Kids play soccer on the third level. The floor is covered with takeout containers, soda bottles, and feline excrement. An elderly caretaker, watching television and drinking tea, manages the bathroom there. I cross the hall and see the outline of the vaulted ceiling atop a shop selling what looks like prom dresses (though more likely they are wedding dresses). I amble up another set of windy staircases.
The roof is quiet. The market five floors below seems like a mile away. A 20-year-old tailor is drinking a non-alcoholic beer under a canopy. He waves me over and offers me a sip. He brushes off a chair and pulls it into the shade for me. The young tailor wants to take me to the top of the grand dome that is slightly lopsided, but I tell him I’m scared of heights, that this view is plenty nice for me.
We sit in silence for a few minutes. Then he walks toward the edge of the roof and picks up a charred paper receipt that had blown over. He points to a row of buildings in a square that were caught in the blaze. I ask him if he was here during the fire or whether he was off, as that day was a national holiday. He shrugs. He tells me he never gets a vacation.
It would be easy to describe the experience of the Tiring Building as an indication of Egypt’s decline from the colonial splendor or to extricate this tailor’s experience as that of all Egyptians. But I prefer to marvel at the fact that, over a century since its construction, this towering monument still contains five stories of operating shops. Though the clientele and products have changed in the intermediate years, it remains a temple of capitalism. And it is still the tallest building in the neighborhood.
* * *
The burning of Attaba Square, one of many recent fires in the city, spurred speculation of an arson campaign. First the outer edge of the gilded Sednaoui Department Store, another hundred-year-old shopping center a couple of blocks from Attaba Square, caught fire on May 2, scorching a wall. That week, a slew of other fires flared across the country: a Tanta apartment, the grass outside a train station in Maghagha, one of Port Said’s ports, a train loaded with fuel in Minya, 30 acres of wheat in Sharqiya, four acres of sugar cane in Beni Suef, six homes in Sohag, two apartments in Suez, and a tourist yacht in Hurghada.[3] On May 8, air conditioners in the Giza security directorate caught fire, the very day that Al-Andalous Hotel sparked Attaba’s flames. A few days later, the historic market of Ghouria also burned. On June 3, a fire in Misr Company for Sound, Light and Cinema Thursday destroyed Al-Nil Studio, a historic recording space filled with archival material.
A spokesman for the Ministry of Interior said that the cause of Attaba’s tragedy was an electrical fire caused by a short circuit.[4] But some claim the circumstances were fishy: the city’s central fire station is across the adjacent flyover, yet it is said that it took a couple hours for emergency workers to respond.
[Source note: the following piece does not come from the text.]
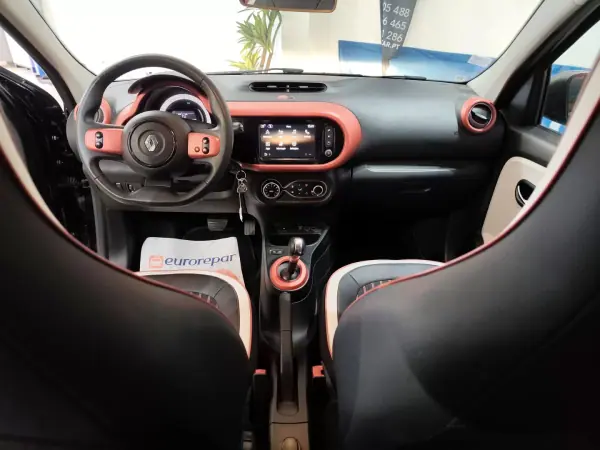 Renault Twingo 2020 - 12300 EUR, 53000 km - AUTO.MOTO.pt - 53000km - foto 24 de 28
It was also a Sunday night and the country’s spring holiday, a day off for much of the market, otherwise the toll would have been higher. The prominent businessman Naguib Sawiris, always the showman, blamed the Muslim Brotherhood.[5] Others claim negligence on the part of the government, or a concerted campaign to clear out informal commerce networks and make way for new retailers.
Few of the conspiracy theorists note the obvious: the first week of May was unseasonably hot, edging past 100 degrees. Neither the power grid nor the residents were prepared for such a scorcher.
The fears about fires touch on a bigger set of concerns. The infamous 1952 Cairo fire signified a break with the colonial past, as looters ransacked much of the capital’s British and foreign interests. On that so-called Black Saturday, iconic institutions of colonialism, like the Shepherd Hotel not far from Attaba, burned to the ground. The recent fires are not on the same scale of size or perniciousness as the 1952 blaze, but the events of a half-century ago are certainly a reminder of how rapidly a fire can get out of control in the wider, political sense.
Cartoonists have often used the metaphor of fire—uncontainable, searing, and destructive—to emphasize anxiety regarding uncontrollable trends, like rising prices for fuel and food. And since the string of blazes, cartoonists have been drawing about the conflagrations in Attaba and elsewhere. Four cartoons for the independent Al-Masry Al-Youm newspaper offer a variety of perspectives.
Amro Selim, a veteran cartoonist who never hesitates to crack a joke amid tragedy, drew a straightforward gag in his signature, simplistic style. “Hello, Mr. X,” says a man beside his family while a bright red fire burns outside his window. “I wanted to know when the fire would reach us. Need a second to look at the schedule?” Selim speculates that these are premeditated acts of arson.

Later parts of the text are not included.